New York, NY (AP) - Cellphone companies pledged Monday to warn subscribers before they go over their monthly limits for calling minutes, text messages and data use.
The pledge comes in response to a threat of regulation by the Federal Communications Commission, which wants to curb nasty surprises in the monthly bills of wireless subscribers.
CTIA - The Wireless Association, a trade group representing the major cellphone companies, said they're also promising to warn subscribers that they're paying roaming fees if they travel abroad.
The warnings will arrive as text messages, and subscribers won't need to sign up for them - they'll arrive automatically. CTIA said its member will have warnings in place on at least half their plans in a year and all of them in two years.
AT&T Inc. and Verizon Wireless, the two largest carriers, already provide text-message warnings on their data plans, but not on text messaging or calls. Instead, subscribers have to look up their usage data.
The announcement was made jointly by the CTIA and the FCC, which credited Consumer's Union, the publisher of Consumer Report, for raising awareness of the issue. The magazine had found that many of its subscribers had been startled by high monthly bills.

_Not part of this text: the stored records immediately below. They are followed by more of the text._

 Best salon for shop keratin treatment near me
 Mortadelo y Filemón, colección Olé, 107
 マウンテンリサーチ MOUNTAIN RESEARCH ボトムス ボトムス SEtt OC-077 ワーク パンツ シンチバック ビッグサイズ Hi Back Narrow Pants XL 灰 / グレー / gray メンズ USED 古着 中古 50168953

Curbing occasional high bills is unlikely to have much of a financial effect at phone companies. Analyst Michael McCormack at Nomura Securities noted that the companies say that only a few percent of their subscribers exceed their allotments in a month. The trend over the past few years of making calls to other cellphones "free," or not counting toward the plan limits, has reduced the number of people who go over on calling minutes, he said.

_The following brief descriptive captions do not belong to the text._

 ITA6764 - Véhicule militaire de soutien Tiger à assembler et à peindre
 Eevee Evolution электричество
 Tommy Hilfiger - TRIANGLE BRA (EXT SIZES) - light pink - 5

Phone companies are also moving away from charging for each text message or selling "buckets" of 500 messages per month. Rather, they have moved toward offering unlimited text messaging.

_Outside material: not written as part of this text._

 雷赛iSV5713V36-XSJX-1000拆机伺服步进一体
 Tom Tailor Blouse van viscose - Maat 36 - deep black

The biggest remaining "bill shock" problem for consumers may be in international data roaming, McCormack said. Someone who travels abroad with a smartphone might use it sparingly for calls, but be unaware that apps are using data in the background, racking up big fees that only become apparent when the bill arrives.
The alerts are voluntary for the phone companies, but FCC Chairman Julius Genachowski made it clear that the agency would step in if companies fail to police themselves.
Kathleen Grillo, senior vice president for federal regulatory affairs at Verizon Communication Inc., said the voluntary approach was preferable because things change quickly in the wireless world and regulations don't always keep up.
"The result is an industry code that will serve consumers better than rules that would soon be outdated," she said.
Asked at the press conference why it would take two years to fully implement the warnings, CTIA President Steve Largent said phone companies have to reconfigure their systems.